Azure SQL Data Warehouse (SQL DW) is a Massively Parallel Processing Database as a Service enabling complex queries across petabytes of data quickly. This service is Microsoft's direct competitor to Snowflake, Amazon Redshift, and Google BigQuery. To the end-user it behaves much like SQL Server, however, behind the scenes SQL DW distributes the storage and processing of data across many different nodes. While this can drastically improve performance for data warehouses larger than a few terabytes, It may not be an ideal solution for smaller implementations.
- Compute vs Storage Costs
- Node-based Architecture
- Table Distribution
- When is Azure SQL Data Warehouse preferred over SQL Database?
- More Resources
Compute vs Storage Costs
Due to it's high processing power, Azure SQL Data Warehouse can cost significantly more than SQL Database. To give you an idea, SQL Database can start as low as $5-30 USD/month while Data Warehouse starts around $1,000 USD/month.
However, SQL DW helps users better manage costs by separating computation and storage of their data. Users can pause the service, releasing the compute resources back into Azure. While paused, users are only charged for the storage currently in use (roughly $125 USD/Month/Terabyte). During this time, your data remains intact but unavailable via queries. Resuming SQL DW re-allocates compute resources to your account, your data comes back online and charges resume.
Similar to Azure SQL DB's DTUs, Computation in SQL DW is Measured by Data Warehouse Units (DWUs). Adjusting DWUs will increase or decrease the performance and cost of the service.
Processing of data in SQL DW is distributed across many nodes of different types.
Control node is the brain of the data warehouse that accepts all queries and runs the MPP engine to optimize and coordinate parallel queries.
Compute nodes provide the computational power. Tables are distributed across the compute nodes to balance and scale-out processing of these tables. The number of compute nodes can be adjusted from 1-60 based on the service level.

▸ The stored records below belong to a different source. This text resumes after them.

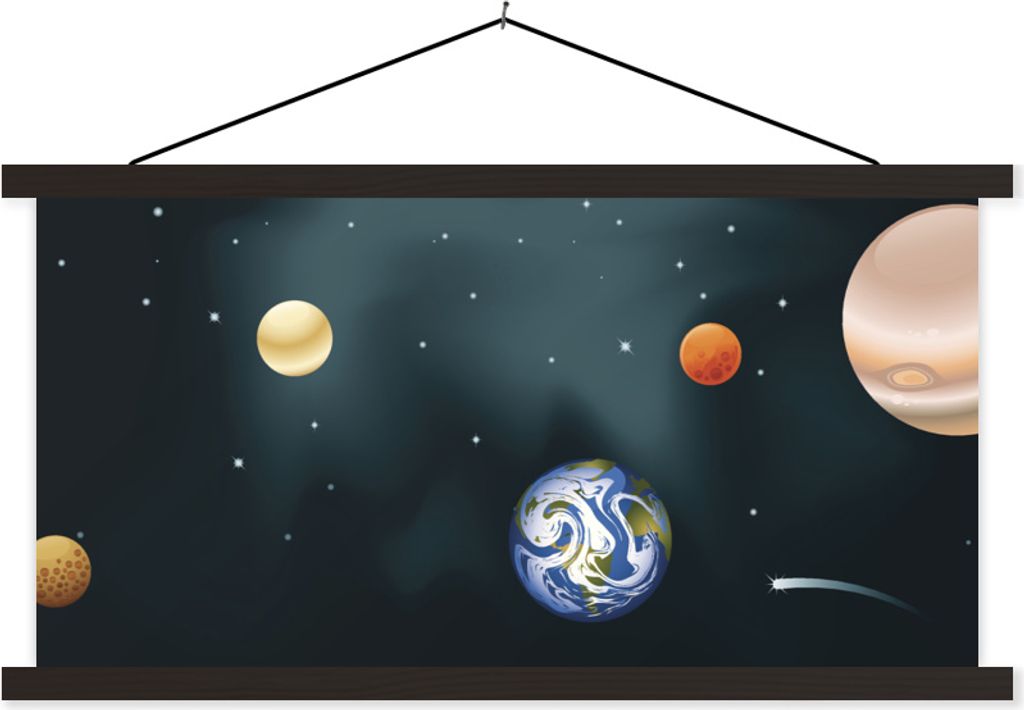 MuchoWow Textilposter Eine Illustration des Sonnensystems mit unserem Planeten 150x75 cm mit schwarzem Rahmen - Posterleiste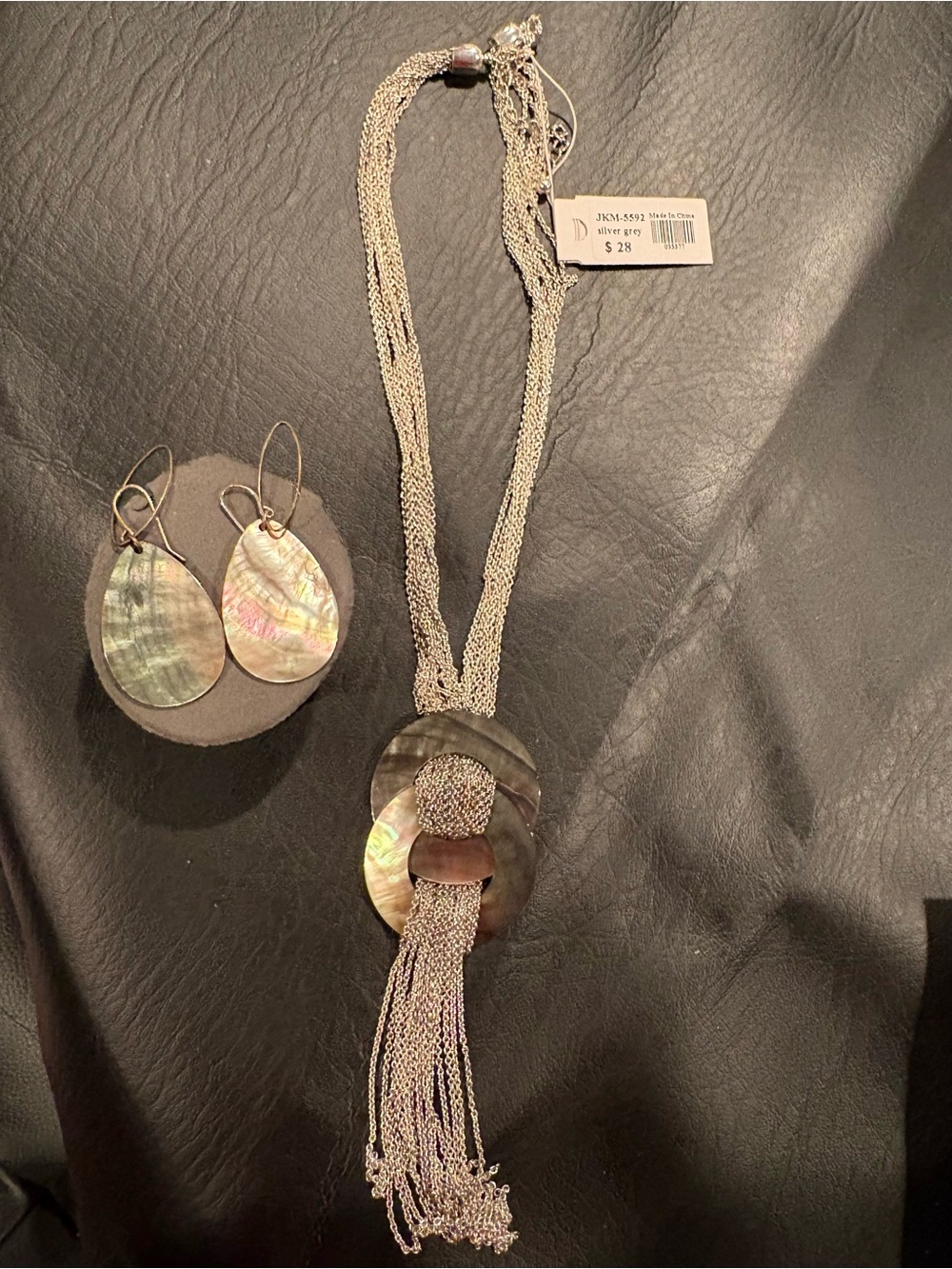 Silver-Tone Multistrand Necklace and Shell Teardrop Earrings Set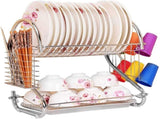 Metal Dish Drying Rack Kitchen-2-Tier with Drain Board V178-17945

Data Movement Service manages movement across compute nodes when required by certain queries.
To balance processing across many nodes, tables must be split up, This process is also know as sharding. The distribution method determines how rows in a table are split across nodes.
Round-robin (default) - Randomly distributes rows evenly across nodes. Not optimized for query performance as there is no logic to how the data is split. Joining to round robin tables often require shuffling data which takes more time.
Ideal for Staging Tables.
Replicated - This replicates all rows of the table on every node. As you can imagine, load times or not optimal. However queries on this table are fast because shuffling of data is never necessary.
Ideal for Dimension Tables smaller than 2GB
Hash - Rows are distributed across nodes using a "distribution column". SQL DW uses this column to distribute the data across nodes, keeping all rows with the same value in the same node. This option delivers the highest query performance for joins and aggregations on large tables.
Ideal for Fact Tables and Dimensions larger than 2GB
Choosing a Distribution Column
To help choose a distribution column that will result in the best performance, you can follow these guidelines.
- No Updates - Distribution columns cannot be updated
- Even Distribution of Values - for best performance, all distributions should have the same number of rows. Queries can only be as fast as the largest distribution. To achieve this, aim for columns that have:
- Many unique values - more uniques, higher chance of evening the distribution
- Few or No Nulls
- Not a Date Column - If all users are filtering on the same date, only one node will be doing all the processing.
- JOIN or Group By Column - Selecting a Distribution column that is commonly used in a Join or Group by clause reduces the amount of data movement to process a query.
- If no good option - Create a Composite Column using multiple join columns
When is Azure SQL Data Warehouse preferred over SQL Database?
> 1TB Database
Since Tables in Azure SQL DW are always spread across 60 distributions, performance gains are not typically realized until your data warehouse is more than 1-5 TB. As a general rule data warehouses of less than 1 TB will perform better on Azure SQL DB than on DW.
> Billion Row Tables
Database size is not the only consideration. Since Distribution happens at the table level if all your tables are less than 100 Milllion rows, You may not see a significant performance boost from SQL DW.
< 128 Concurrent Queries
Once SQL DW has received more than 128 concurrent queries, it will begin to queue them in a first-in-first-out basis. Azure SQL DB and Analysis Services can support much more concurrent queries. To resolve this limitation, Microsoft recommends feeding data into an Analysis Service Server for larger demand.
1:1 Feature Parity is not required
While, Azure SQL DW supports many of the read and write operations of traditional SQL there are significant differences. Azure SQL does not support merge statements and insert and delete operations have some limitations as well. This will typically require completely redeveloping an existing solution for Azure SQL DW.
How tables are distributed should be based on how users query the data. And the approach can drastically effect performance. So SQL DW is not a magic fix to all your query performance problems. Just like a data warehouse running on traditional SQL Server it requires monitoring and tuning of the distribution keys to ensure best performance.
Table distribution works best if your queries are relatively predictable, using the same joins and group by clauses. So SQL DW may not be the best solution for Data Discovery. In addition, tools like Power BI can run many queries at once to handle filters etc. So Analysis Services is still recommended as an intermediate layer for running Power BI.